As for my current exploration around social food movements and intersecting identity, I spent a lot of my time this past week collecting/revising my notes in order to start writing my Week 7 Research paper. After the hours spent doing this, I did not end up reading everything that I originally planned to, which is fine, given that there will be time to catch up during Week 5.

I did begin to read Spaces of Danger and Food Transgressions: Making Sense of Contemporary Food Politics, two books which I’ve been increasingly excited to start reading this quarter

Spaces of Danger

I read a few sections of essays within Spaces of Danger, however I am thinking I will trade out this book with another one that is more relevant to my project as there is only one section that appealed to the ideas that I am working with. Chapter ten, “Even in Plurinational Bolivia: Indigeneity, Development, and Racism since Morales” written by Nancy Postero is about the racism that indigenous people in Bolivia face from the government.

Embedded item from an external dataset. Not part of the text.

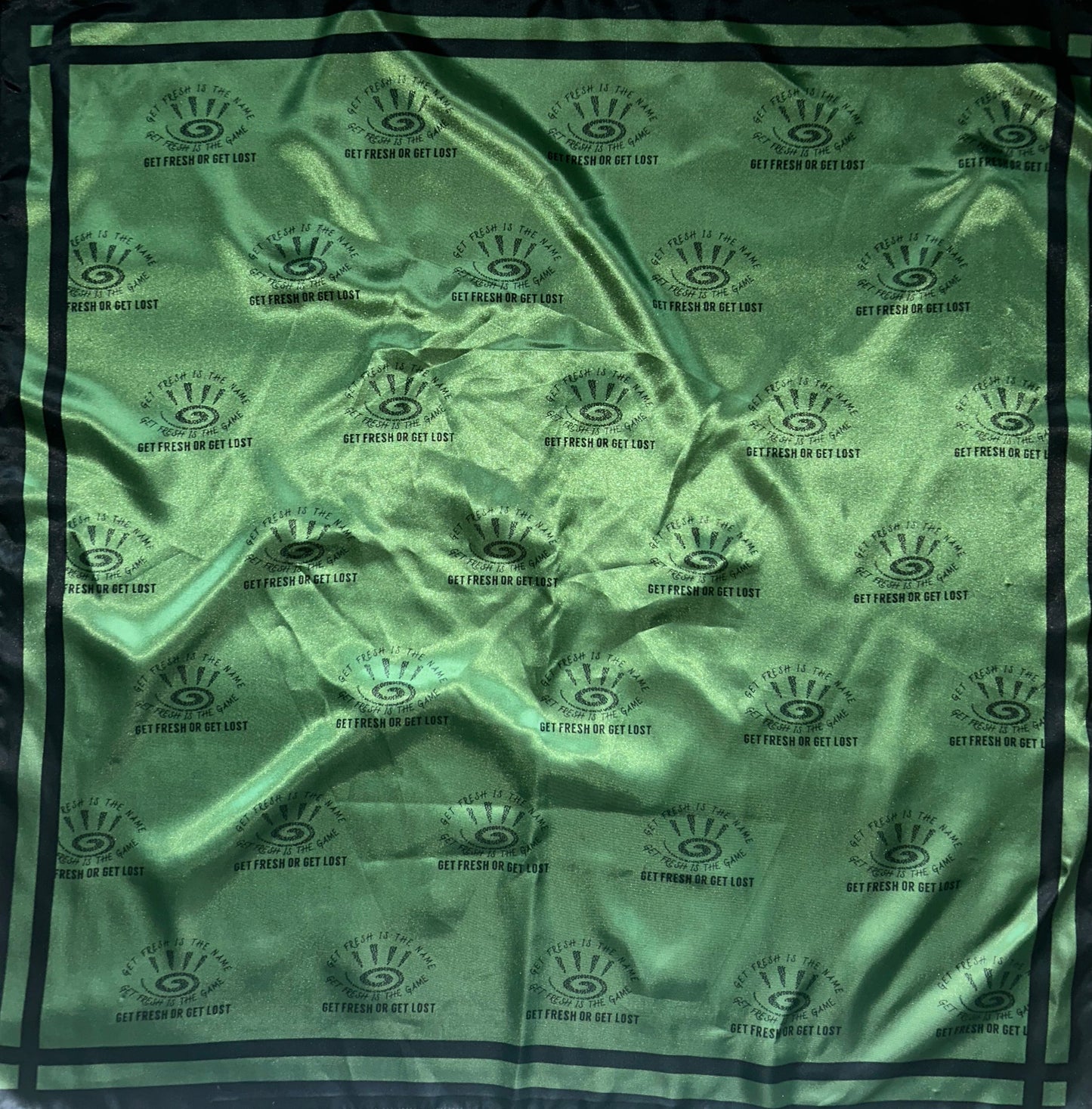 Green GETFRESH OR GET LOST Scarf With Black Outline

Since the first election of indigenous president Evo Morales, outside of the country itself, Bolivia has been an example of a socialist and equitable government. However as Postero and other scholars are quick to claim, this is not the case whatsoever. Before his election Morales was a member of the Cocaleros, the Bolivians who were fighting for the indigenous rights to continue growing coca on their land. However, in the past years, Morales has let other legislation that would negatively impact the environment for indigenous people pass by. The most well known example of this is the TIPNIS highway case from in 2011 and 2012. The plans for the route, led the highway through the Isiboro-Sécure Indigenous Territory and National Park (TIPNIS). This road, designed to carry oil exports, would have cut off people from water resources that are needed for agriculture.

 

Food Transgressions: Making Sense of Contemporary Food Politics

Two different essays I read in Food Transgressions are about the ethics of Community Supported Agriculture as well as the criticisms of Slow Food. The first passage about CSAs was reporting results from surveys that CSA community members participated in. The second passage about Slow Food reminded me of a journal titled Mobilising Bodies: Visceral Identification in the Slow Food Movement that I read during Week 1. The difference between that article and this newer material is that the authors of Mobilising Bodies separated issues such as race and gender from their journal that was based upon class accessibility. The reading I read this week did not abandon these ideas and therefore felt much more reputable.

Seminar Week 4

Week 4- January 31, 2017

Wk4 Seminar

“Eating, the seemingly most quotidian and universal of bodily acts…Sarah Josepha Hale reveals diet as a crucial technology through which nations are formed as communities against racial, moral, and physiological contamination…by partaking of the substance [bread], seemed to mingle their own physical constitution with that of the nation’s, unpolluted by the richer foods of decadent monarchies or the exotic fare of the tropics” (Tompkins, 2012: 57, 61, 63).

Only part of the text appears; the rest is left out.